Big-O notation only tells you how an algorithm scales with increasing n.
It doesn't tell you how it performs for any particular n (especially not
for a small n).
<nitpick>
The data structure is called a "hash table". There is also the "hash
function". Both are frequently abbreviated as "hash". "Hashing" may
refer to computing a hash function or to filling a hash table. In
both cases it is an algorithm.
Absolutely. That's why I said "typically". Of course, if you got a
degenerated hash then access might be as bad as a linear search.
A degenerated hash is not necessary.
A successful lookup of an element in a hash consists of the following
steps:
1) compute the hash of the lookup key (cost: c1 * length(lookup_key))
2) compute the location of element in the hash (cost: negligible)

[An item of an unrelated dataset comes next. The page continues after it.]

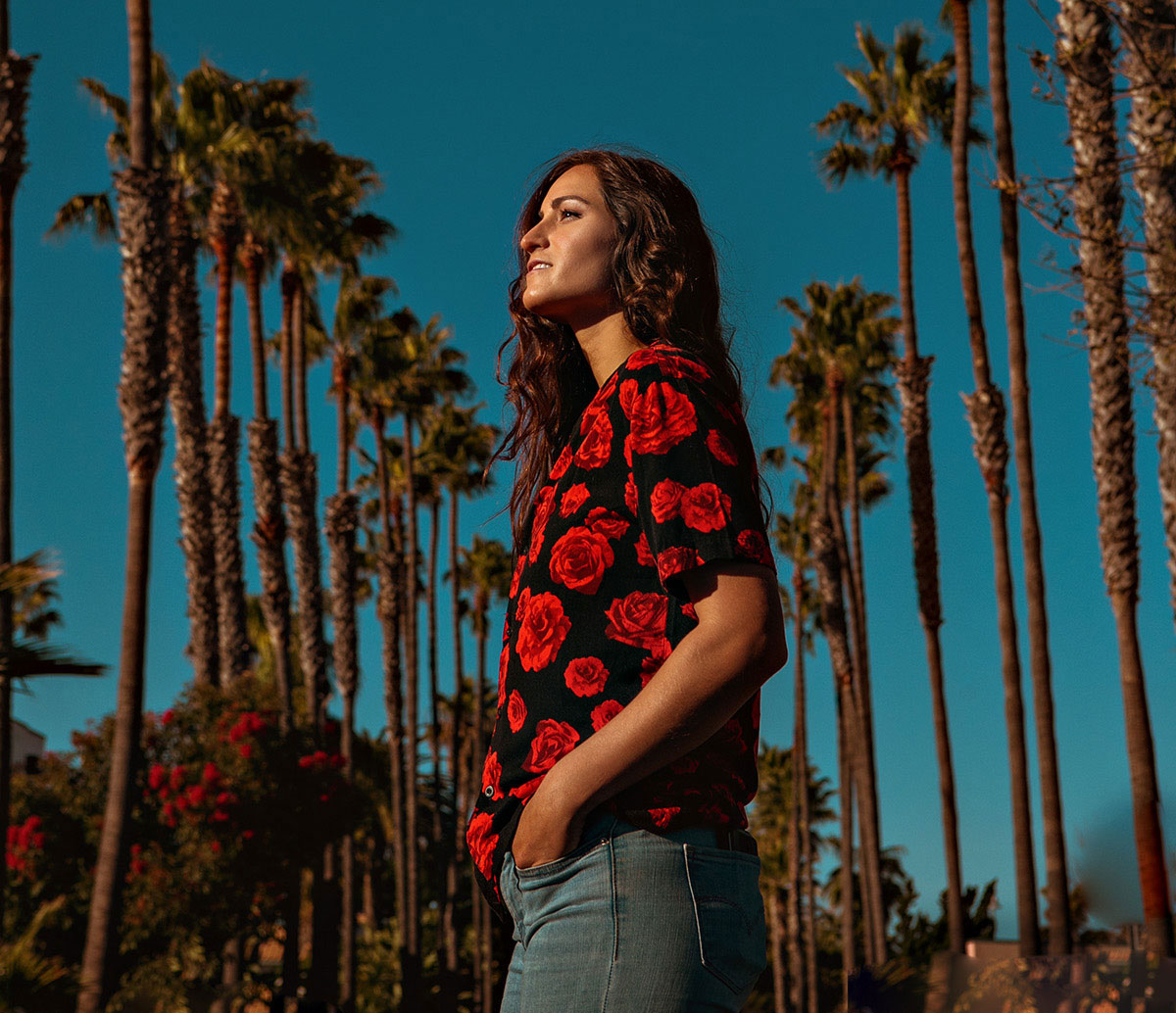 Angie K standing in front of palm trees and a blue sky.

3) compare the lookup key to the element key
(cost c2 * length(lookup_key) if successfull, almost zero if
unsuccessfull, because two strings with the same hash collision are
unlikely to have a common prefix).
4) If unsuccessfull, compute the location of the next element (this may
be a simple pointer lookup or involve the computation of a new hash)
and continue at 3.
If the hash is properly constructed, step 4 is very rare, so the access
time is
c1 * length(lookup_key) + c2 * length(lookup_key)

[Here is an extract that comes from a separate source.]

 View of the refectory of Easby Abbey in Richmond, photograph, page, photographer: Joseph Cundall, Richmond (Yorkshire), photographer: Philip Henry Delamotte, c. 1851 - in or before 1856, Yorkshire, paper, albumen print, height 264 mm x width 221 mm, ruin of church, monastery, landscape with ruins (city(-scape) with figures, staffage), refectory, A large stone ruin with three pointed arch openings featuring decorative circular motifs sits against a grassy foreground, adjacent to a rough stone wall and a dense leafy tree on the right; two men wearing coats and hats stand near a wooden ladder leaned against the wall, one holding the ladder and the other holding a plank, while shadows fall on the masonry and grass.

For a binary tree, you have to descend d levels, and do a string
comparison at every level, so the cost is
c2 * length(common_prefix(lookup_key, node1_key)) +
c2 * length(common_prefix(lookup_key, node2_key)) +
...
c2 * length(lookup_key)
(the common prefix is likely to get longer as we descend down the tree)
Note that the last term is the same, so we can eliminate it.

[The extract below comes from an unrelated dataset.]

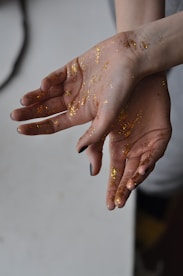 Hands showcasing glittery, custom press-on nails with a soft pink background.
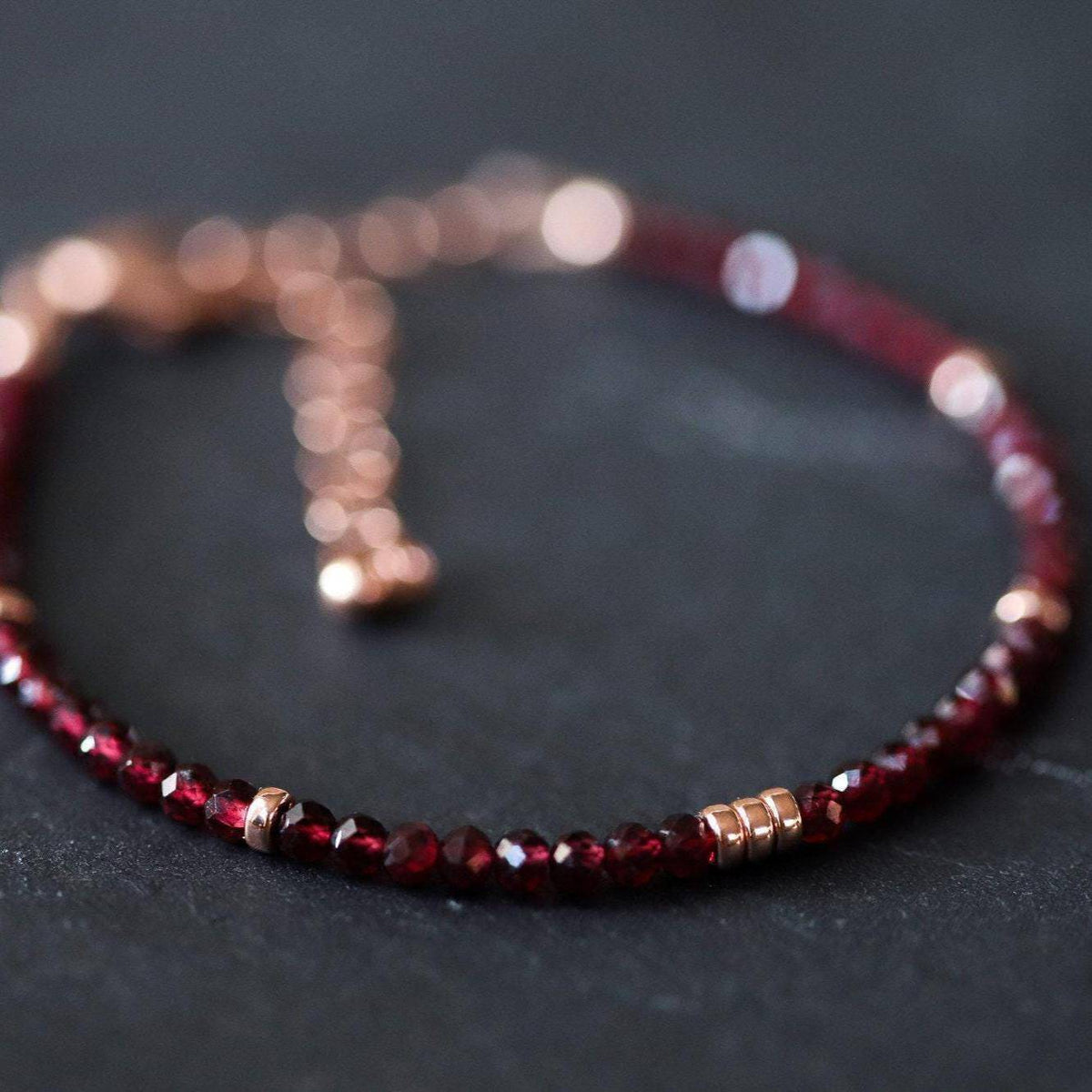 Garnet beaded bracelet from Earthly Abundance Jewelry featuring polished red garnet beads on an elastic cord.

It follows that the hash access is faster than the binary tree[1] access
if the computation of the hash is faster than the (d-1) partial string
compares. This depends on the length of lookup_key, the distribution of
the keys in the dictionary, the hash algorithm, the depth of the tree,
how much of your data is already in the CPU cache, etc.
In short, it is impossible to say that a hash is faster than a binary
tree or vice versa. You have to benchmark particular implementations for
particular data.
There are some general observations, though:
The tree gets slower with increasing depth while the hash is quite
insensitive to the number of elements, so the hash has an advantage
for a large number of elements.
For a hash lookup you have to compute a hash of the entire key up front,
while for the tree you only have to compare the common prefix (+1 byte),
so the tree has an advantage if the keys are long (and don't have a
common prefix).
The hash is likely to be more cache friendly because you need to
look only at two contiguous memory locations while in the tree you need
to look at (d+1) memory locations.
Also ACK.
hp
[1] George also wrote "btree", which is not a binary tree. For a btree
it gets even more complicated, but btrees are normally used for disk
data structures, not in memory, although some in-memory data structures
(e.g. Judy arrays) use similar techniques to exploit caching.